=== Problem details ===
Everything from the line containing "Venum G-Fit Air" to the last line of the material below must be retyped exactly, both ends included; skip the pictures.

=== Provided data ===

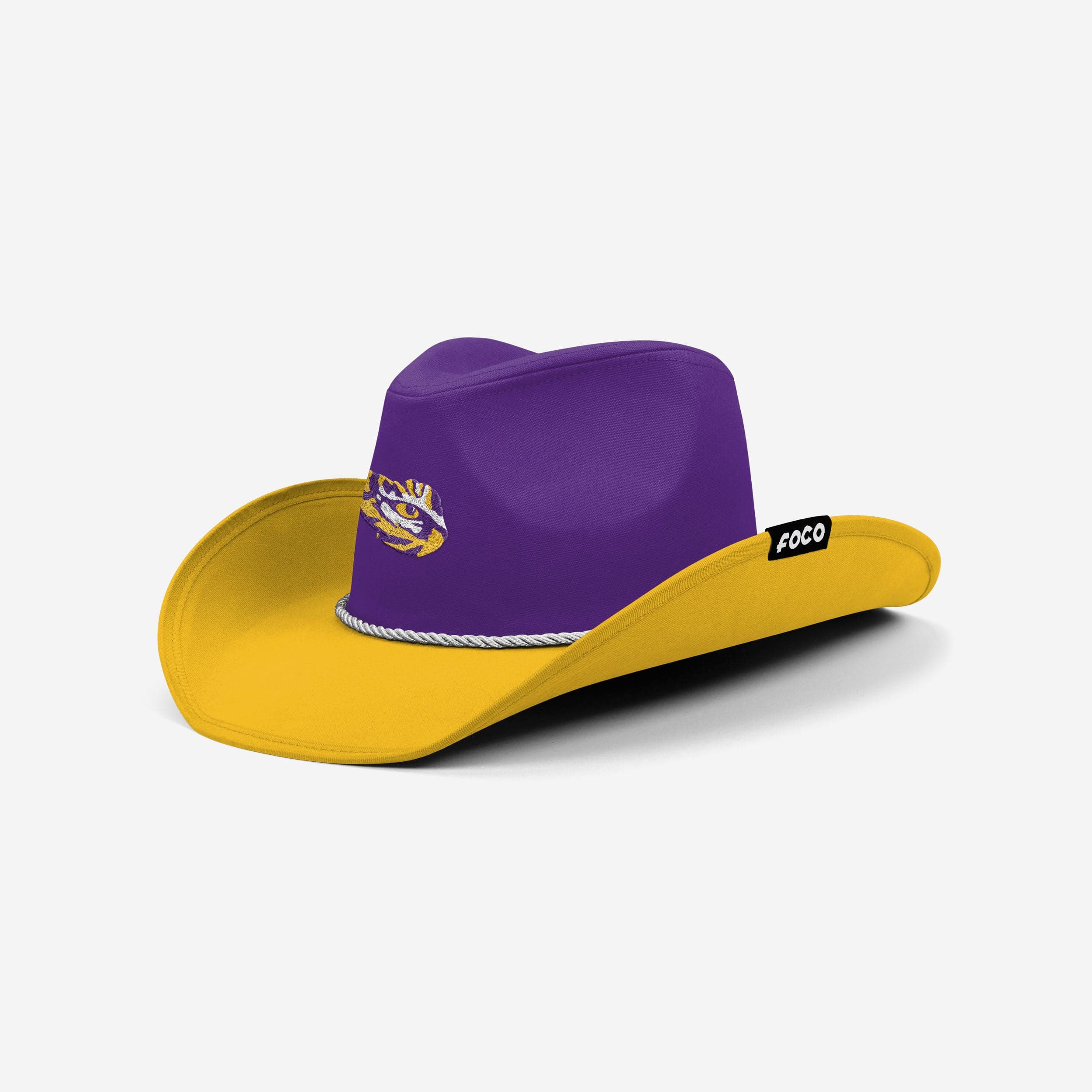 LSU Tigers Two Tone Cowboy Hat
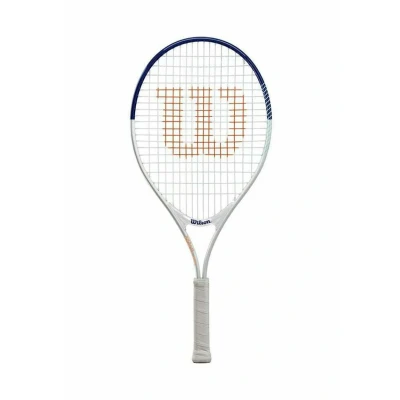 Afbeelding van Wilson Roland Garros Elite Junior Tennisracket Zilver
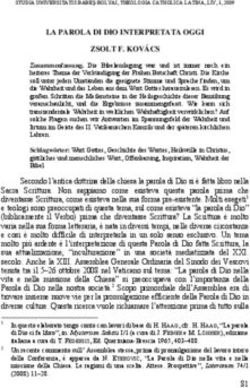 LA PAROLA DI DIO INTERPRETATA OGGI ZSOLT F. KOV&Aacute;CS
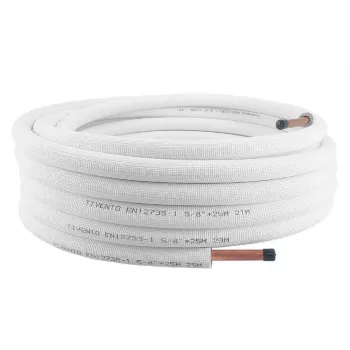 TIVENTO FLEX Kupferrohr mit Isolierung 1/2 inch 50 m Rolle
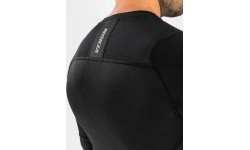 Venum G-Fit Air garroku rashguard krekls, melns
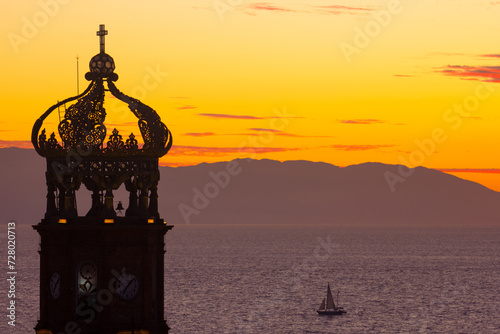 iglesia parroquia, nuestra señora de guadalupe, puerto vallarta jalisco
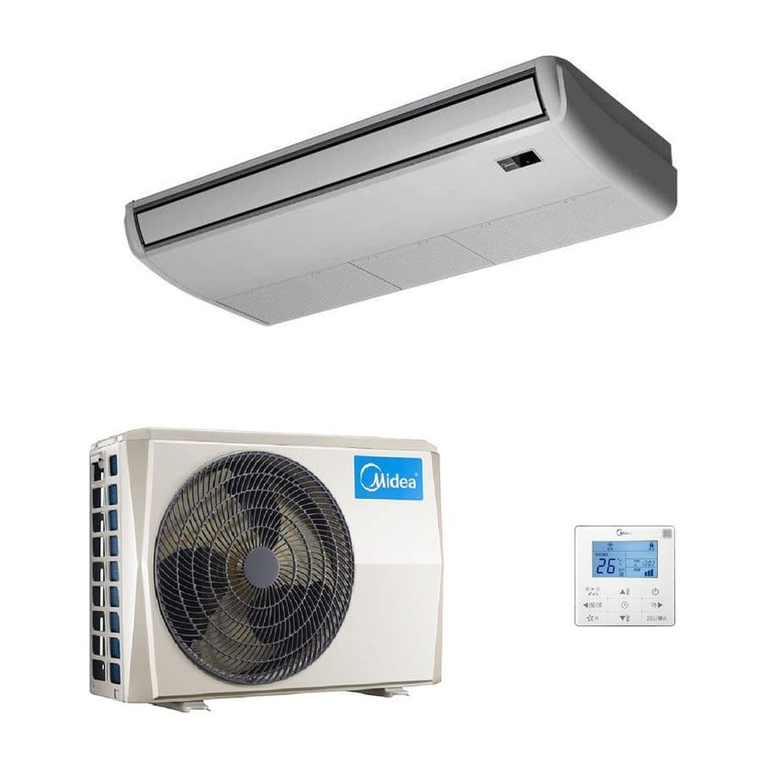 Midea MUE-18HRFN1-QRDO User manual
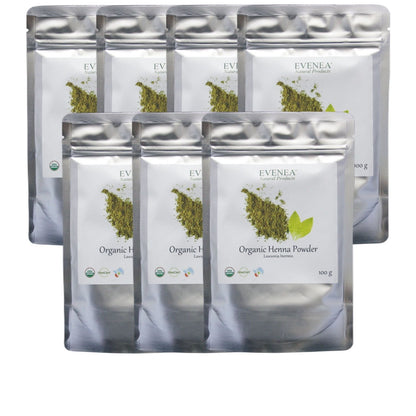 Henna Powder - Pure and Organic (100g pouches)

=== Worked solution ===
 Venum G-Fit Air garroku rashguard krekls, melns
 iglesia parroquia, nuestra señora de guadalupe, puerto vallarta jalisco
 Midea MUE-18HRFN1-QRDO User manual
 Henna Powder - Pure and Organic (100g pouches)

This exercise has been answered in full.